A cet effet, il y a lieu de rappeler que des migrants subsahariens ont été mis à la porte et ont passé des nuits entières à la rue. Le président de l’Association des étudiants et stagiaires africains en Tunisie (Aesat) avait déjà donné l’alerte dans une lettre ouverte adressée à la Tunisie et à son peuple le 31 mars dernier en lançant un appel aux bailleurs pour qu’ils fassent preuve de bienveillance et exonèrent leurs locataires de loyer pour le mois d’avril en ces temps difficiles.

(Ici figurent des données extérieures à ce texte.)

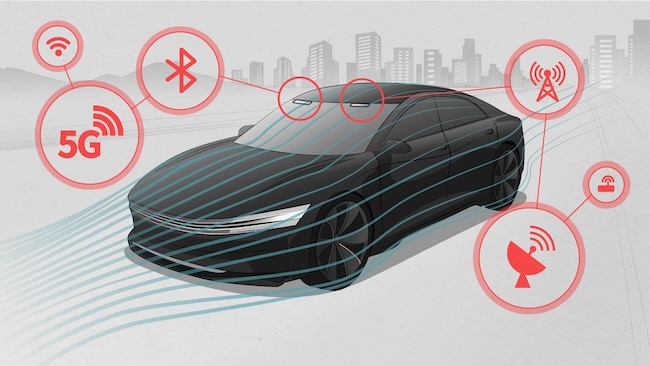 LG Electronics Partners with Saint-Gobain Sekurit to Unveil Next-Generation Transparent Antenna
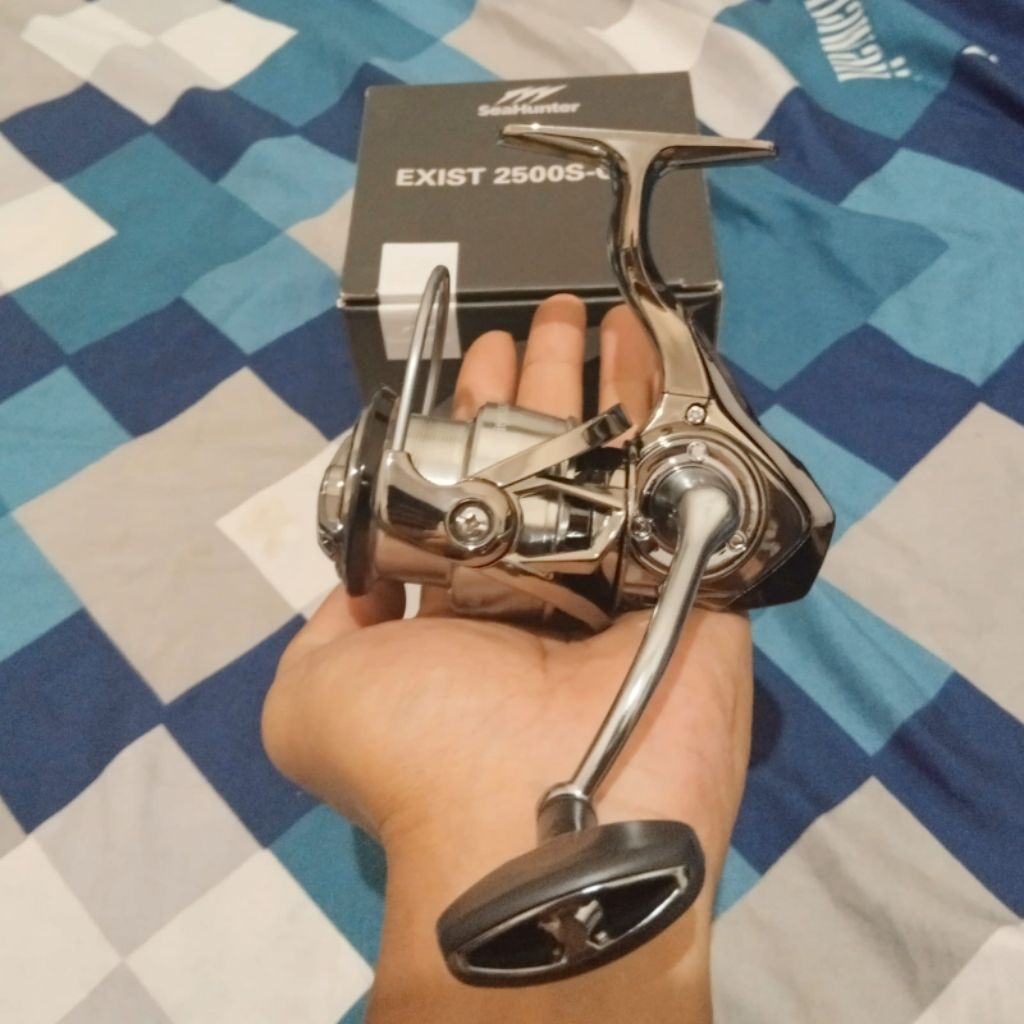 Reel Seahunter DW Exist Max Power Handle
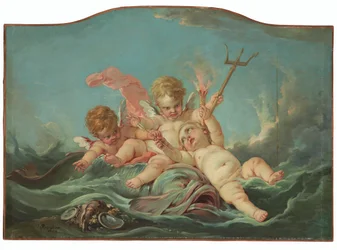 Eine Allegorie des Wassers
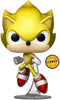 Funko Pop! Games: Sonic The Hedgehog - Super Sonic #923 (AAA Exclusive) (Chase)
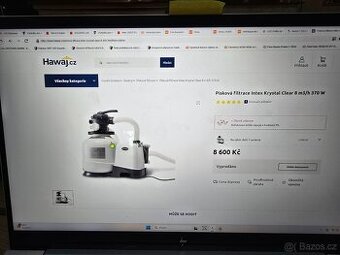 Bazénová filtrace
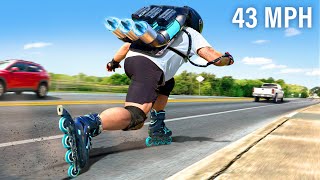 I Built A Jetpack To Rollerblade Illegally Fast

L’Aesat n’a pas manqué d’énumérer les problèmes auxquels font face les étudiants et stagiaires depuis l’entrée en vigueur du confinement sanitaire obligatoire et le couvre-feu, dont l’accès aux plateformes pour les cours à distance (manque de connexion internet pour certains étudiants), les procédures liées à l’établissement ou au renouvellement de la carte de séjour, la transformation d’une partie des foyers des étudiants de Gabès et Siliana en centre de confinement pour le Covid-19, la ségrégation en milieu universitaire, les retraits des passeports bloqués au niveau des postes de police à cause de la crise sanitaire et la mobilité (autorisation de sortie) des responsables d’associations pour répondre aux besoins de ceux qui sont en difficulté. Certains de ces problèmes ne sont pas nouveaux et datent depuis des années.
Précarité financière
Si certaines réunions ont pu réunir autour de la même table le ministère de l’Enseignement supérieur et de la Recherche scientifique, les représentants de l’Aesat et les présidents des différentes communautés pour plancher sur ces problèmes, ces derniers ont été toutefois appelés à effectuer un recensement minutieux afin de connaître le nombre exact des étudiants et stagiaires présents en Tunisie. Une tâche difficile et complexe en raison notamment du confinement et du couvre-feu et qui est susceptible de mettre des bâtons dans les roues à cette communauté en matière d’inclusion sociale et d’accès aux aides et aux services de soins dans cette période difficile.
Sur les réseaux sociaux, certains étudiants et stagiaires africains en Tunisie ne cessent d’appeler à la concrétisation au plus vite des mesures qui sont toujours en phase d’étude et de concertation. La collecte et la distribution des aides ne sont pas à la mesure des attentes de cette population qui rencontre de gros problèmes sur le plan financier, surtout dans les communes où les subsahariens sont très nombreux, à l’exemple de Raoued, La Soukra et La Marsa.
On termine toutefois sur une bonne nouvelle. Le maire de la ville de La Marsa, Moez Bouraoui, n’a pas trop attendu. Il est passé vite à l’action en annonçant la prise en charge par sa mairie des frais de location et des dépenses de 900 personnes résidant à La Marsa issues de la communauté africaine et ce jusqu’à la fin des mesures exceptionnelles prises dans le cadre de la lutte contre le coronavirus. Le maire de cette ville a appelé les habitants de sa commune à manifester leur solidarité à l’égard de cette communauté.